Giurista stimato, Farinacci ebbe numerosi incarichi politici nello Stato Pontificio, tra cui quello di procuratore fiscale.
Come avvocato, prese parte come accusa a numerosi processi importanti, mentre nel 1599 assunse la difesa di Beatrice Cenci, accusata con i fratelli dell'omicidio del padre. La fama duratura di questo caso fece sì che anche secoli dopo l'evento il suo nome comparisse nei numerosi manoscritti dedicati al "Caso Cenci" o nei molti romanzi ottocenteschi ad esso dedicati.
Scrisse numerosi libri di giurisprudenza, tra cui la Praxis et theorica criminalis (1581-1614), composta da 18 capitoli, pubblicata tra il 1594 ed il 1614, è l'opera più conosciuta; è un compendio della giurisprudenza della sua epoca che aveva la grande ambizione di riassumere tutto ciò che era stato scritto sul diritto penale, in modo da poter essere un unico punto di riferimento utilizzabile nei tribunali al posto di decine di opere di consultazione.
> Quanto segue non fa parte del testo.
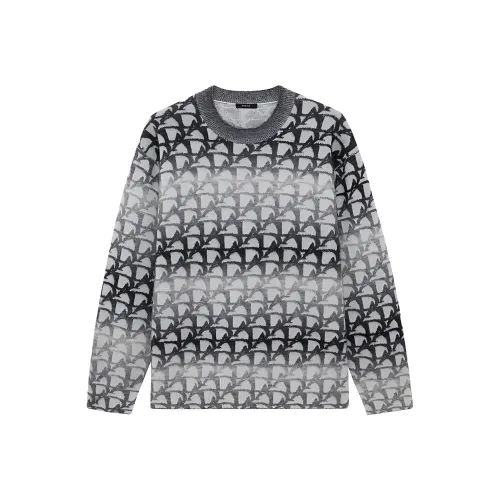 RAZZLE Белый Мужской Трикотаж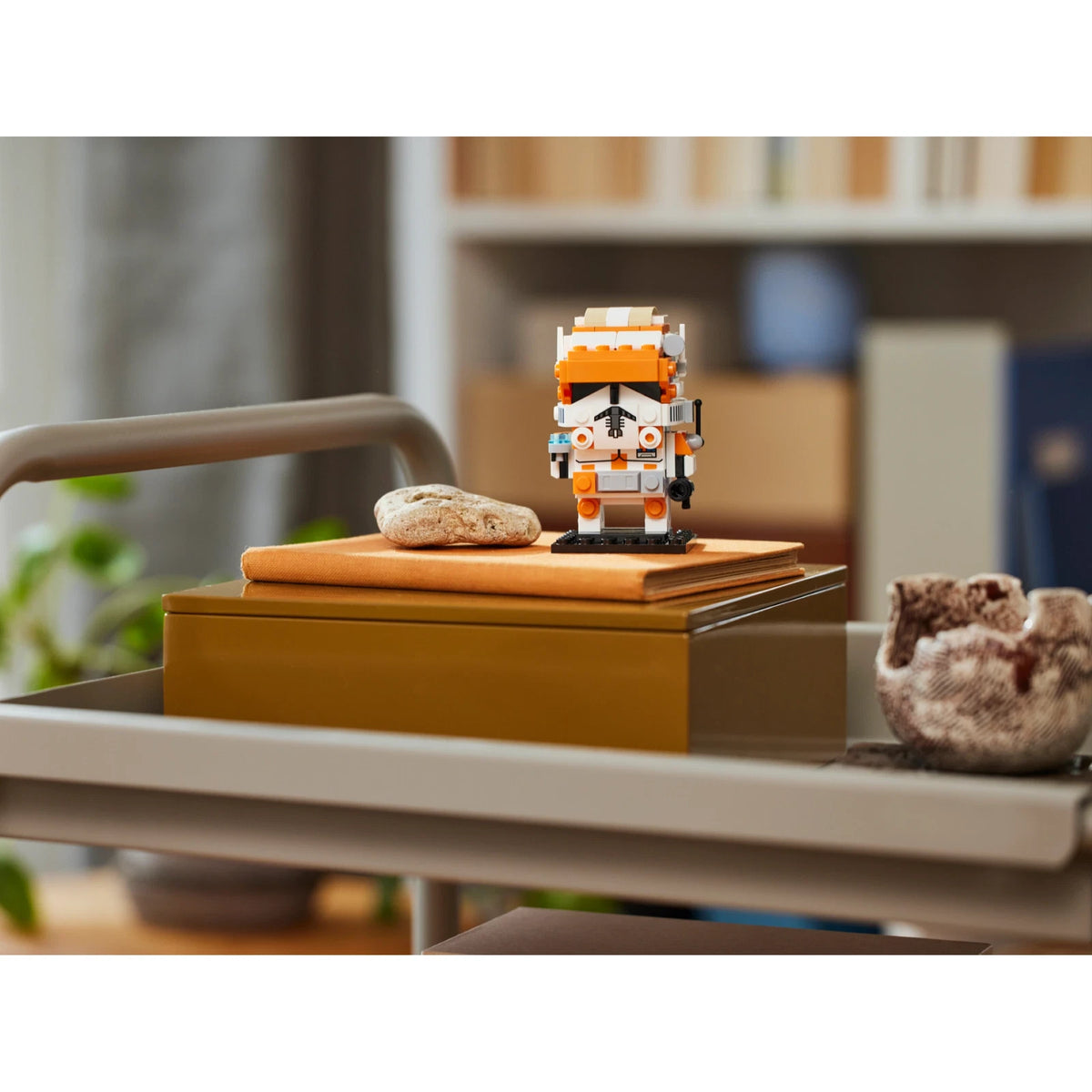 LEGO® BrickHeadz 40675 Klon Commander Cody™ – Ansicht 5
Notevole fu il successo del testo, che fu in effetti adottato per più di due secoli nella pratica giuridica, soprattutto in Italia, e del quale furono prodotti compendi ed estratti.
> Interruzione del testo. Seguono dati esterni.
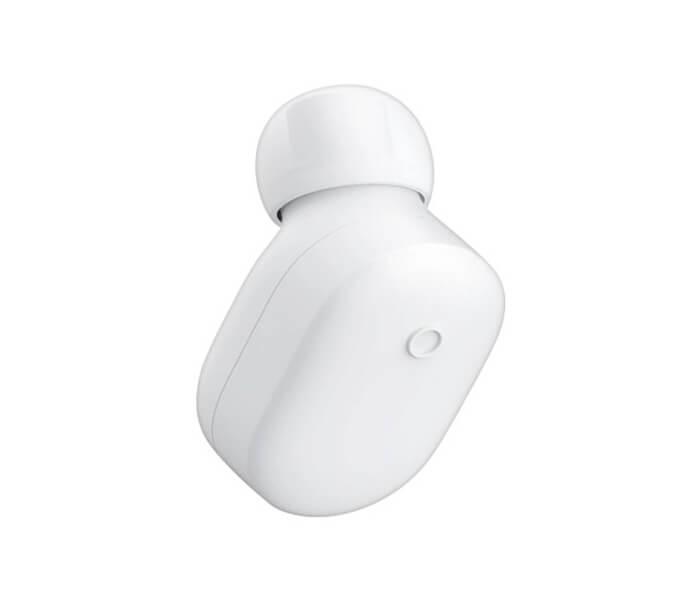 Xiaomi Mi Mini single Bluetooth Wireless Earphone - White - Zoom Image 1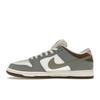 Yuto Horigome X Nike Dunk Low SB Unisex Sneakers Grey Wolf-Grey Iron-Grey FQ1180-001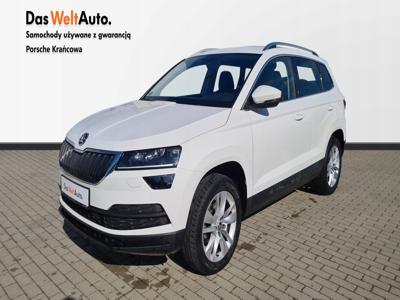 Skoda Karoq Crossover 1.5 TSI ACT 150KM 2021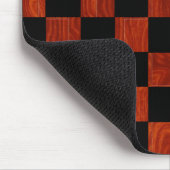 Woodenkast Muismat (Hoek)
L'autore, seguace del mos italicus iura docendi, si ripropose di raccogliere un "thesaurus totius criminalis materiae", cioè una grande mole di pareri, sentenze, argomentazioni anche opposte tra loro.[1]
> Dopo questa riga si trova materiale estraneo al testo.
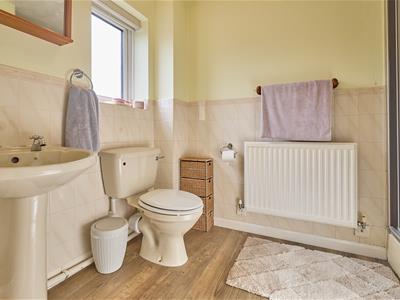 En Suite Shower Room
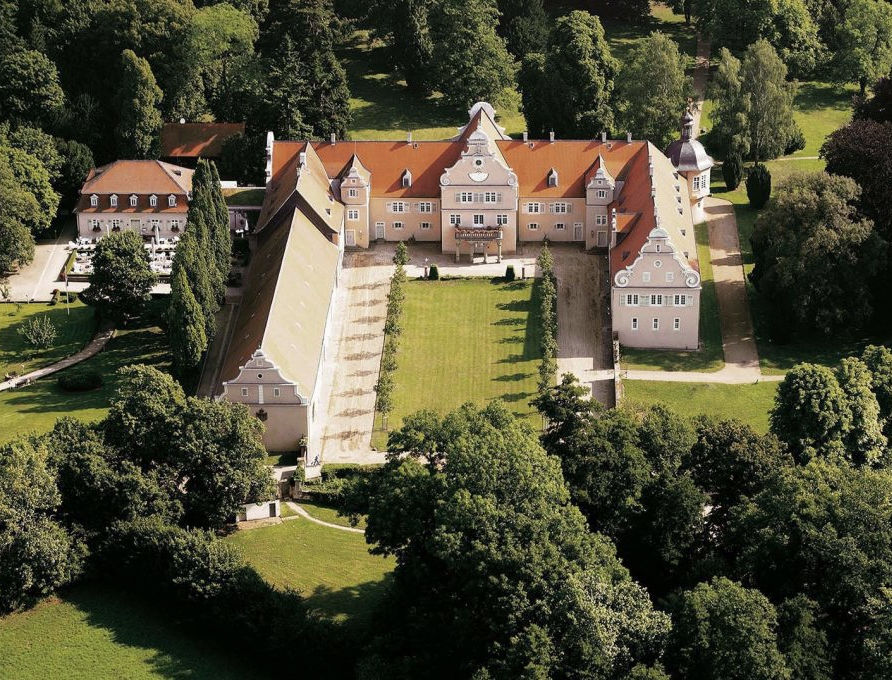 Jagdschloss Kranichstein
Tuttavia il giudizio su Farinacci è stato spesso critico: è stato definito tra l'altro "mago dello scibile penalistico confusamente blaterante" (Franco Cordero) e "un contributo all'incertezza del diritto" (Giorgia Alessi).
Farinacci morì a Roma; il suo monumento funebre esiste ancora nella chiesa di San Silvestro al Quirinale.
Un suo bel ritratto dipinto dal Cavalier d'Arpino è in mostra nel museo di Castel Sant'Angelo a Roma.
Giudice inflessibile (venne criticato da molti per la sua severità, giudicata da taluni inumana, specie nel comminare la pena di morte ogni volta fosse possibile), non fu altrettanto severo con se stesso e la propria vita privata. Nel 1595 iniziarono a circolare voci sulla sua omosessualità, finché venne inquisito per sodomia (all'epoca un reato capitale) su Berardino Rocchi, un giovane servitore del cardinale Marco Sittico Altemps.
Farinacci riuscì ad evitare la condanna solo perché papa Clemente VIII decise di concedergli la grazia. Fu in questa occasione che, giocando sul suo cognome, il papa pronunciò su di lui il giudizio, divenuto poi celebre: "La farina è buona, è il sacco che è cattivo".